While using this monitor I found a method to quickly reveal FRC: Move the mouse cursor slowly and follow it with your eyes. In the area surrounding the cursor you will suddenly spot a chesslike pattern which you won't normally notice.
I measured the display flicker with my oscilloscope and found the following:
- No PWM at brightness 56 and above
- 18 kHz PWM at brightness 5 up to 55
- 3-15 kHz PWM at brightness 1 to 4, slowly increasing
Most people and reviews tell you Eizo monitors use PWM at brightness 19 and below, so this is unexpectedly different.
So far though it seems the 18 kHz is not contributing to my eye strain.
The monitor has an ambient light sensor and can adjust the brightness automatically. The minimum brightness is extraordinarily low. Eizo claims it's as low as 1 cd/m². However, the low brightness doesn't help with my left eye hurting all the time. I even installed LTSB 2015 to revert to a known-good hardware + OS setup, but the eye strain continued even during the setup phase, which has a very basic video mode known to be safe. I suspect it's the FRC that causes the eye strain, at least this strange part of it where only my left eye hurts (as long as I look at the screen). No way to find out since you can't turn FRC off in the monitor OSD.
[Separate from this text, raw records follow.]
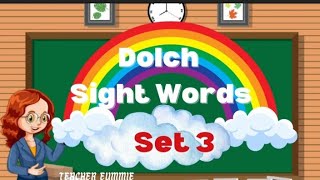 Dolch Sight Words for Preschool to Grade 2 Set 3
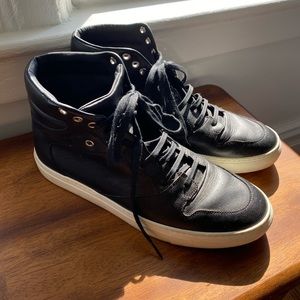 Black Balenciaga boots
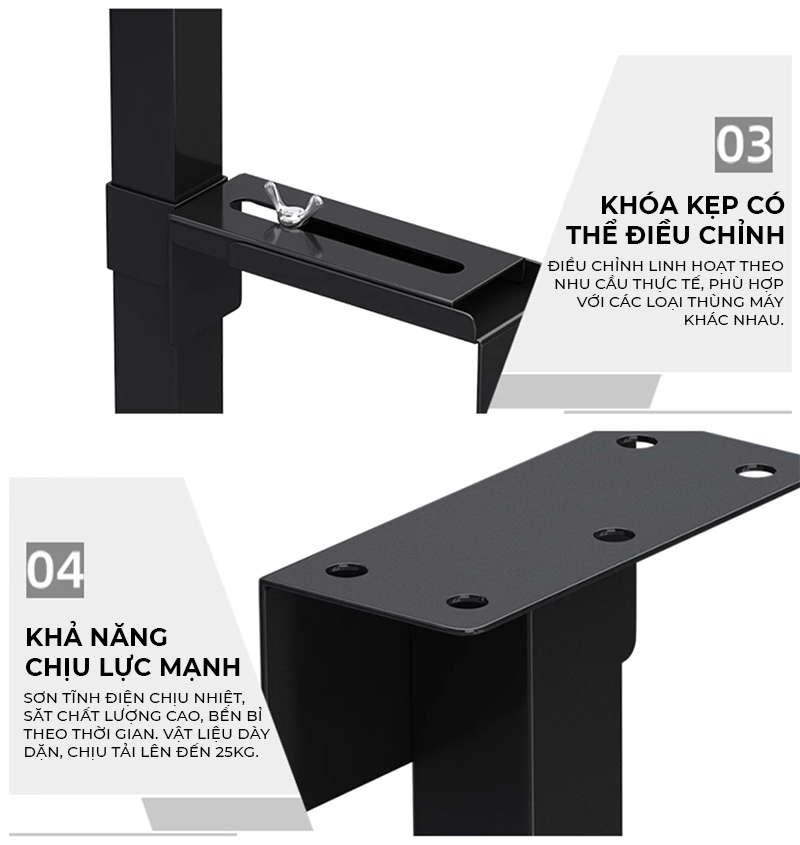 Giá treo CPU bàn làm việc tiện lợi, tùy chỉnh linh hoạt cho mọi kích cỡ thùng CPU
So my early conclusion is this Eizo monitor is different from others in that the eye strain feels different and headaches won't kick in very quickly. But it's no joy to use this monitor for more than a few minutes either.
The monitor has high build quality and certainly a premium feel. The panel lighting is very uniform.
I will give it some more days and only use it at low brightness to see if it makes a difference over time. But it doesn't look good so far.